Work required:
Output all the data exactly as it appears below.

=== Task material ===

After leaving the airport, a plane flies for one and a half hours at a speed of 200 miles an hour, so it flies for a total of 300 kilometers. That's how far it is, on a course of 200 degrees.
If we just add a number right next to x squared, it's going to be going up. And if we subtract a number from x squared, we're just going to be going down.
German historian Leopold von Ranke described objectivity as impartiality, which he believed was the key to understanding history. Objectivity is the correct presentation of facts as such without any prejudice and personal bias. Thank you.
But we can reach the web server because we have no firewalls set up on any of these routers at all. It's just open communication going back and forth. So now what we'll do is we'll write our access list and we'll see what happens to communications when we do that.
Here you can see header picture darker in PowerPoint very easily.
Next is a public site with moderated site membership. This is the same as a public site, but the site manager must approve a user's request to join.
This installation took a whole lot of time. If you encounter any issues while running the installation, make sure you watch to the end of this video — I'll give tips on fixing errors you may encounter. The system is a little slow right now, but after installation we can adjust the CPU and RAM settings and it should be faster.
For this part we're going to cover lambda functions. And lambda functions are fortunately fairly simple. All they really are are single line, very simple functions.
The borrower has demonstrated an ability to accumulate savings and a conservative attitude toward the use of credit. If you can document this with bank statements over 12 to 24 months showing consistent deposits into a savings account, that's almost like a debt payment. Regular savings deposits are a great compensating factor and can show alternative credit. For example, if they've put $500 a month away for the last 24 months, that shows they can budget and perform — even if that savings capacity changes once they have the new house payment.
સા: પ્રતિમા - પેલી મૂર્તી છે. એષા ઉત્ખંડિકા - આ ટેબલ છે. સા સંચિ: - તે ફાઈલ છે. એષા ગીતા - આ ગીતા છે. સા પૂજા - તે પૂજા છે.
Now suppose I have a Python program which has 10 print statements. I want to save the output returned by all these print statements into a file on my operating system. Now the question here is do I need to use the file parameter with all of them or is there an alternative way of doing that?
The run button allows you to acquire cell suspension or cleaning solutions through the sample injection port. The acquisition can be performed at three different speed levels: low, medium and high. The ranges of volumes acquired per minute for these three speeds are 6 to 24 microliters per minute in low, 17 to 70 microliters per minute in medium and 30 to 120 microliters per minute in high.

===

Answer to this exercise:
After leaving the airport, a plane flies for one and a half hours at a speed of 200 miles an hour, so it flies for a total of 300 kilometers. That's how far it is, on a course of 200 degrees.
If we just add a number right next to x squared, it's going to be going up. And if we subtract a number from x squared, we're just going to be going down.
German historian Leopold von Ranke described objectivity as impartiality, which he believed was the key to understanding history. Objectivity is the correct presentation of facts as such without any prejudice and personal bias. Thank you.
But we can reach the web server because we have no firewalls set up on any of these routers at all. It's just open communication going back and forth. So now what we'll do is we'll write our access list and we'll see what happens to communications when we do that.
Here you can see header picture darker in PowerPoint very easily.
Next is a public site with moderated site membership. This is the same as a public site, but the site manager must approve a user's request to join.
This installation took a whole lot of time. If you encounter any issues while running the installation, make sure you watch to the end of this video — I'll give tips on fixing errors you may encounter. The system is a little slow right now, but after installation we can adjust the CPU and RAM settings and it should be faster.
For this part we're going to cover lambda functions. And lambda functions are fortunately fairly simple. All they really are are single line, very simple functions.
The borrower has demonstrated an ability to accumulate savings and a conservative attitude toward the use of credit. If you can document this with bank statements over 12 to 24 months showing consistent deposits into a savings account, that's almost like a debt payment. Regular savings deposits are a great compensating factor and can show alternative credit. For example, if they've put $500 a month away for the last 24 months, that shows they can budget and perform — even if that savings capacity changes once they have the new house payment.
સા: પ્રતિમા - પેલી મૂર્તી છે. એષા ઉત્ખંડિકા - આ ટેબલ છે. સા સંચિ: - તે ફાઈલ છે. એષા ગીતા - આ ગીતા છે. સા પૂજા - તે પૂજા છે.
Now suppose I have a Python program which has 10 print statements. I want to save the output returned by all these print statements into a file on my operating system. Now the question here is do I need to use the file parameter with all of them or is there an alternative way of doing that?
The run button allows you to acquire cell suspension or cleaning solutions through the sample injection port. The acquisition can be performed at three different speed levels: low, medium and high. The ranges of volumes acquired per minute for these three speeds are 6 to 24 microliters per minute in low, 17 to 70 microliters per minute in medium and 30 to 120 microliters per minute in high.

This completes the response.